> _TASK BRIEF_
Only the lines from the beginning of the data through the line holding "Une cuisine moderne" belong in the answer, printed exactly and without pictures.

Captioned web image data
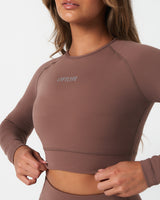 Detailed view of minimalist Lyftlyfe logo printed on brown women’s long sleeve crop top.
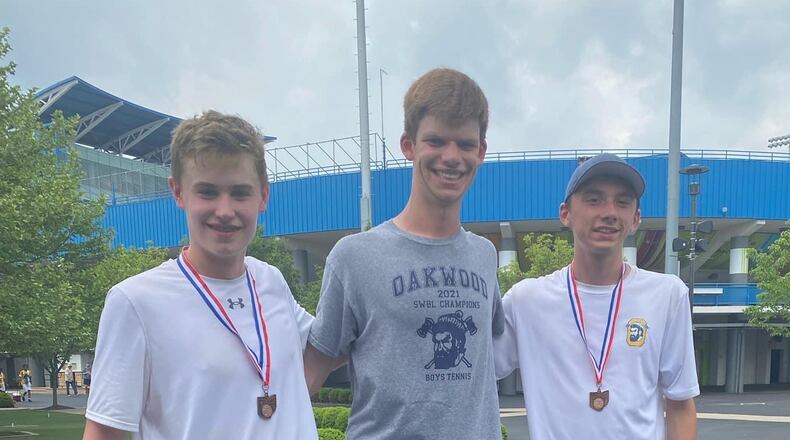 Noah Boyce (left) and Max McCloskey (right) pictured with Oakwood teammate Andrew Rich - Contributed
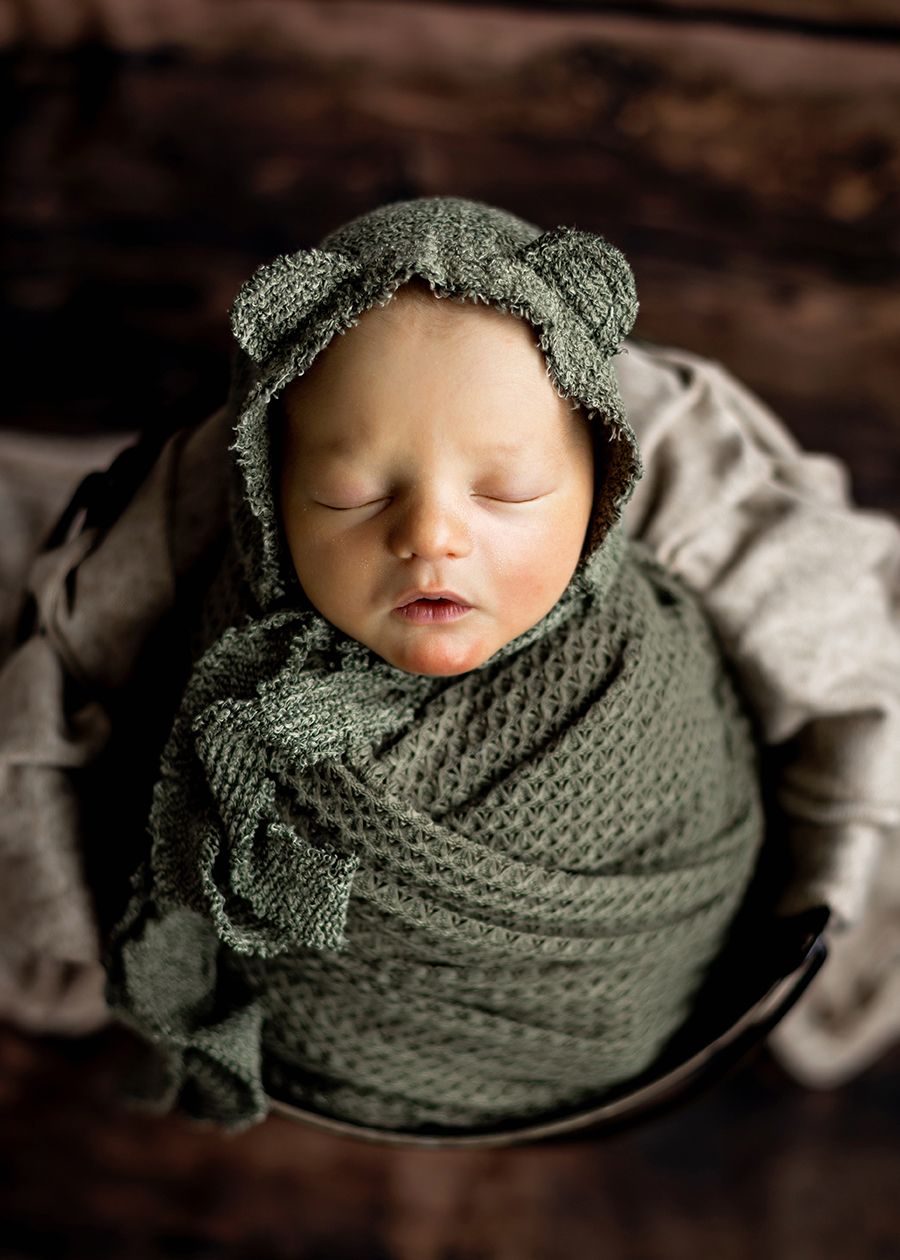 Sleeping newborn wrapped in green knit swaddle and bear ear bonnet inside a wooden bowl.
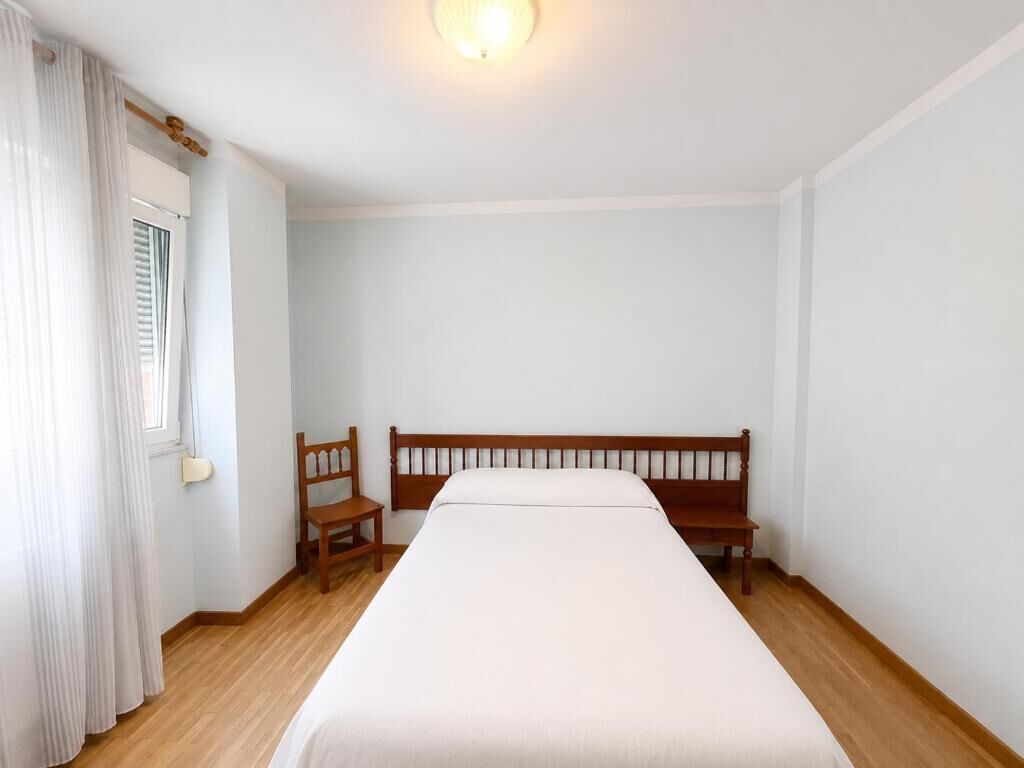 Una habitación con una cama individual, una silla de madera, una ventana con cortinas y una lámpara fijada a la pared.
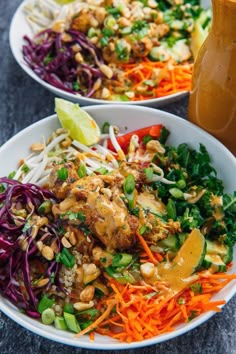 two white bowls filled with different types of salads and dressing next to each other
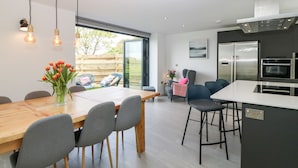Une cuisine moderne avec une table à manger en bois, des chaises grises et un four encastré.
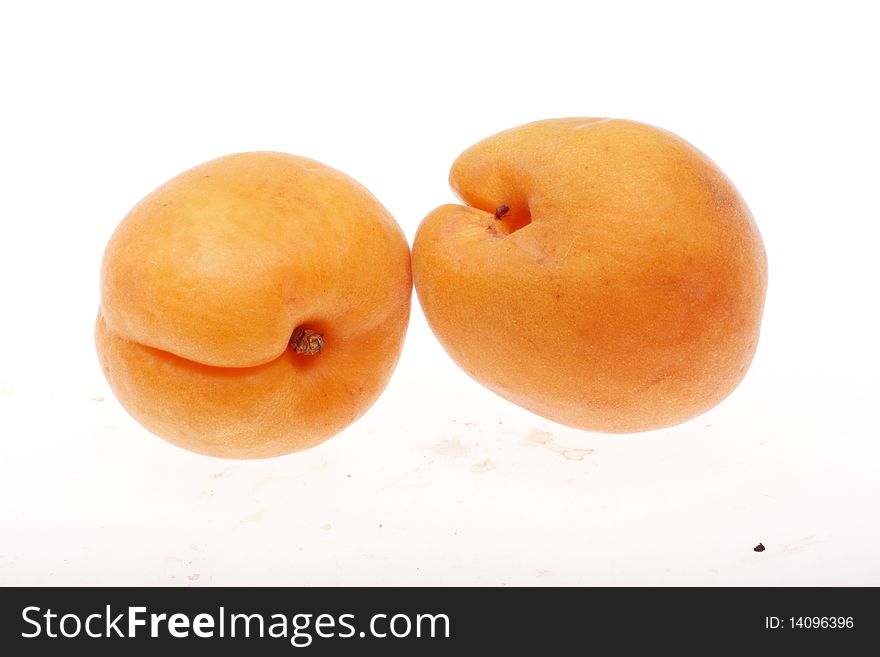 Two fresh apricots isolated on white background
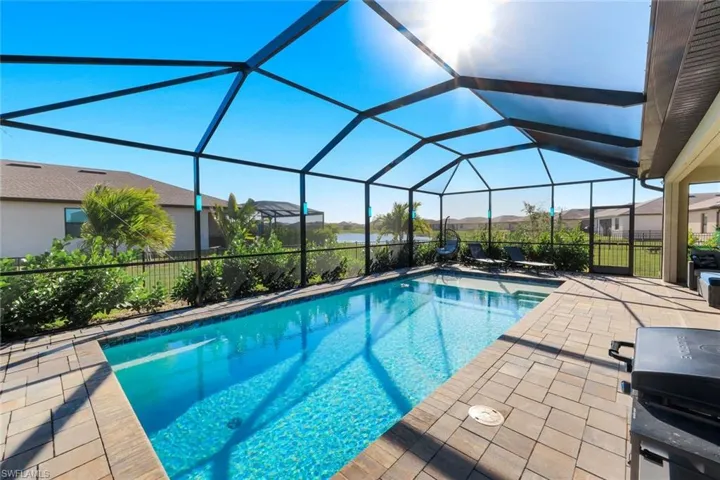 Outdoor pool with grilling area, a sunroom, a patio area, and a lanai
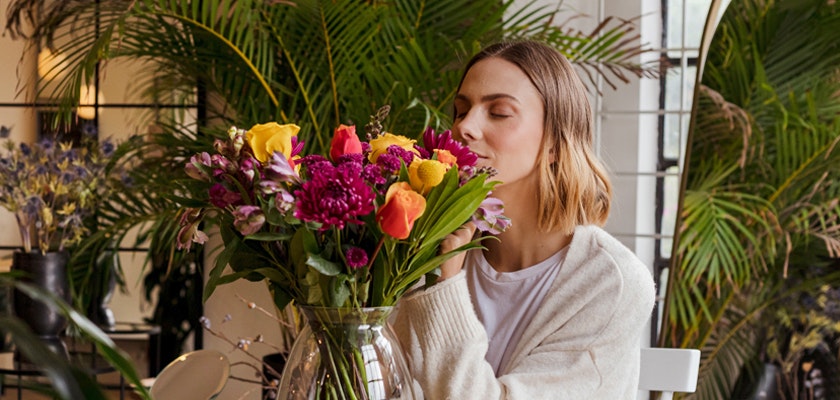 A woman enjoys a colorful bouquet of flowers, surrounded by lush greenery in a cozy indoor setting.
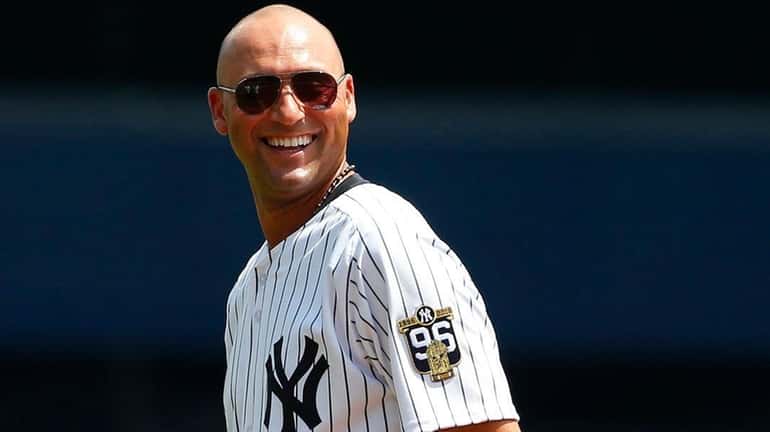 Former New York Yankee Derek Jeter smiles as he is...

> _ANSWER SECTION_
 Detailed view of minimalist Lyftlyfe logo printed on brown women’s long sleeve crop top.
 Noah Boyce (left) and Max McCloskey (right) pictured with Oakwood teammate Andrew Rich - Contributed
 Sleeping newborn wrapped in green knit swaddle and bear ear bonnet inside a wooden bowl.
 Una habitación con una cama individual, una silla de madera, una ventana con cortinas y una lámpara fijada a la pared.
 two white bowls filled with different types of salads and dressing next to each other
Une cuisine moderne avec une table à manger en bois, des chaises grises et un four encastré.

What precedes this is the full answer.